Charlie, un niño de 11 años, pescaba tranquilamente en el estanque detrás de su casa en Oklahoma, Estados Unidos, cuando hizo un descubrimiento impactante.
Su madre, Janna Clinton, escuchó al niño empezar a gritar con emoción, pero pensó que su hijo estaba exagerando.
Al llegar al lugar, quedó sorprendida al observar lo que Charlie había pescado: un pez con dientes humanos.
Es común que los pescadores encuentren diferentes especies de peces durante sus jornadas de pesca, pero Charlie se sacó la lotería con su hallazgo.
"Obviamente, al estar en un estanque del vecindario, estamos acostumbrados a atrapar algunas lubinas o bagres", dijo. "Quiero decir, nada con dientes humanos", dijo la madre.

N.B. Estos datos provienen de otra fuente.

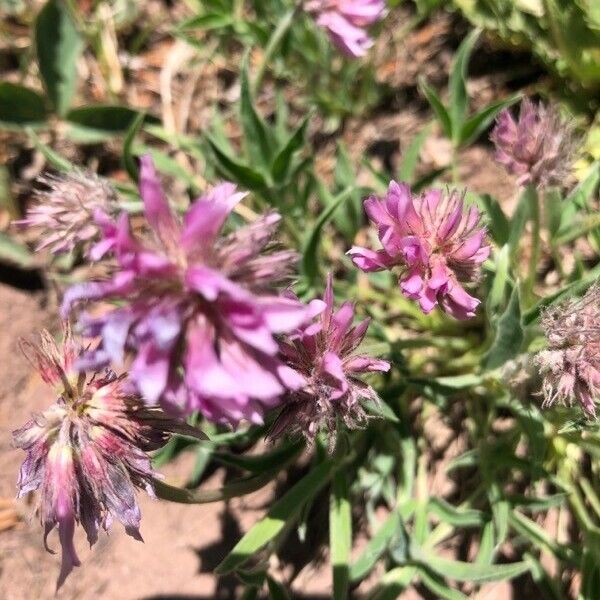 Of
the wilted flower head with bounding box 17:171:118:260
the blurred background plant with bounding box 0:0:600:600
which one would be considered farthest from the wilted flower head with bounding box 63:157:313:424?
the wilted flower head with bounding box 17:171:118:260

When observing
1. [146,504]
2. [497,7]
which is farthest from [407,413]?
[497,7]

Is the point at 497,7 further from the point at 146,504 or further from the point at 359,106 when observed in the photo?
the point at 146,504

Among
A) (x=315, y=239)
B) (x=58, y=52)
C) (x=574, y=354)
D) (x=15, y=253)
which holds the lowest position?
(x=15, y=253)

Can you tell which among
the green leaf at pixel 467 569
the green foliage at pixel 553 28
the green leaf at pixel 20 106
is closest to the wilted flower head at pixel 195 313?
the green leaf at pixel 467 569

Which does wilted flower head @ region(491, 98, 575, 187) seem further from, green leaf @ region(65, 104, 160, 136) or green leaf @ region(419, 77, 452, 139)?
green leaf @ region(65, 104, 160, 136)

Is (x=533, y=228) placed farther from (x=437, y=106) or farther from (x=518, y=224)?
(x=437, y=106)

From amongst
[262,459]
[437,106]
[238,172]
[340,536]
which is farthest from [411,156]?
[340,536] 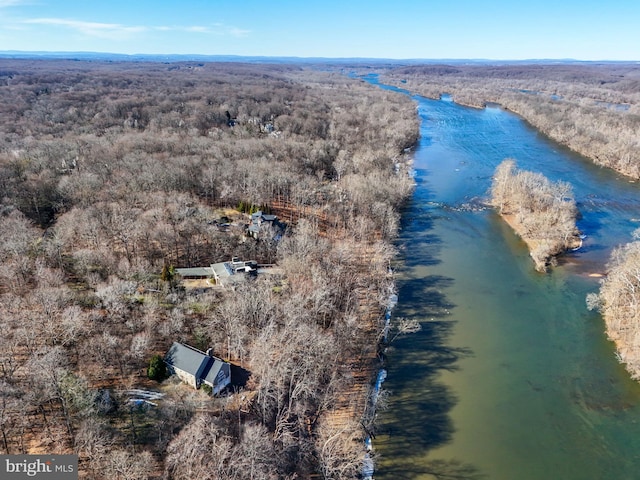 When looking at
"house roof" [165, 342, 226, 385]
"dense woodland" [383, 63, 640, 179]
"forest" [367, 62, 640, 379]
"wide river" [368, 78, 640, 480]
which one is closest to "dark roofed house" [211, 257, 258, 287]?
"house roof" [165, 342, 226, 385]

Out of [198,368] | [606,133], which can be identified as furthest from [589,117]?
[198,368]

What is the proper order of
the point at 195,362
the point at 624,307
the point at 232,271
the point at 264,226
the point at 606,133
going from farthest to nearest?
1. the point at 606,133
2. the point at 264,226
3. the point at 232,271
4. the point at 624,307
5. the point at 195,362

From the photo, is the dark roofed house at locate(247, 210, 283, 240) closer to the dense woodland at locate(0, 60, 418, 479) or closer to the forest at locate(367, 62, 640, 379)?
the dense woodland at locate(0, 60, 418, 479)

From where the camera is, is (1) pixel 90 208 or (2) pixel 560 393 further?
(1) pixel 90 208

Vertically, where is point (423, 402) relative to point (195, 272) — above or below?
below

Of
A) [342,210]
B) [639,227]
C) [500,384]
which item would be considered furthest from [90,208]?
[639,227]

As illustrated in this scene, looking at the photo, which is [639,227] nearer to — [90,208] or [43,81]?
[90,208]

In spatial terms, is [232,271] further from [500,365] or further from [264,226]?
[500,365] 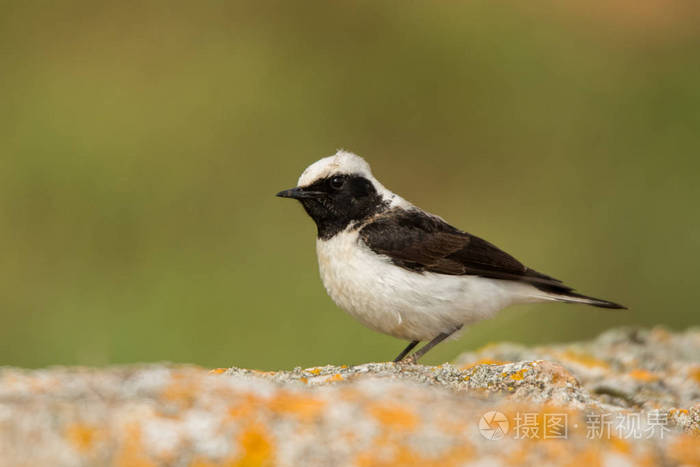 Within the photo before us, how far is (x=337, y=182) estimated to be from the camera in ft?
22.2

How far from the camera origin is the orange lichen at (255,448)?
3.16m

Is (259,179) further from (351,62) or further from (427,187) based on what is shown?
(351,62)

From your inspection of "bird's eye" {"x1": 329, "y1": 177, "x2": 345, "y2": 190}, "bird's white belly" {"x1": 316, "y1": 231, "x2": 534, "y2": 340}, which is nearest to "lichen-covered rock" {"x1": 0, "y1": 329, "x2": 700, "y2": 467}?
"bird's white belly" {"x1": 316, "y1": 231, "x2": 534, "y2": 340}

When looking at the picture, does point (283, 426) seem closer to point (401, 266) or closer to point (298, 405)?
point (298, 405)

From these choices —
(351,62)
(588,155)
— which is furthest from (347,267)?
(351,62)

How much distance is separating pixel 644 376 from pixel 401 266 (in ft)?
7.00

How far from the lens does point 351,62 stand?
1669cm

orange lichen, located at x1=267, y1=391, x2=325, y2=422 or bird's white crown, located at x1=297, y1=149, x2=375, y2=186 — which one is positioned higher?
bird's white crown, located at x1=297, y1=149, x2=375, y2=186

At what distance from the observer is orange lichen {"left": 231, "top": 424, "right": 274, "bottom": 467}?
316 cm

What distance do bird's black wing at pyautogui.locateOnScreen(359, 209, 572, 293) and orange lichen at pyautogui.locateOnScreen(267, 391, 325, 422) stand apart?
283cm

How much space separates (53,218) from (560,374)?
975 centimetres

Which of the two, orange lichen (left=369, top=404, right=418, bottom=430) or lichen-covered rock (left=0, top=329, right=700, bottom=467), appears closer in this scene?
lichen-covered rock (left=0, top=329, right=700, bottom=467)

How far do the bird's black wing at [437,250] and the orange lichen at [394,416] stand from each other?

El pez resultó ser un pacú, una especie prima de la piraña y originario de América del Sur.
La familia publicó una imagen del pez y lo liberó de vuelta al agua pero luego se enteraron que habían cometido un error, pues se trata de una especie invasora en esa zona y no debería haber sido liberado nuevamente en el estanque.
"Es un estanque de captura y liberación", dijo Janna, "así que, desafortunadamente, lo liberamos porque no sabíamos nada mejor en ese momento", reveló.
"Cometimos un error allí", antes de notar que Charlie había estado acechando al pez en un intento por sacarlo del agua nuevamente. Y agregó: "Se quedó en los estanques bastante tarde esa noche tratando de atraparlo de nuevo", agregó.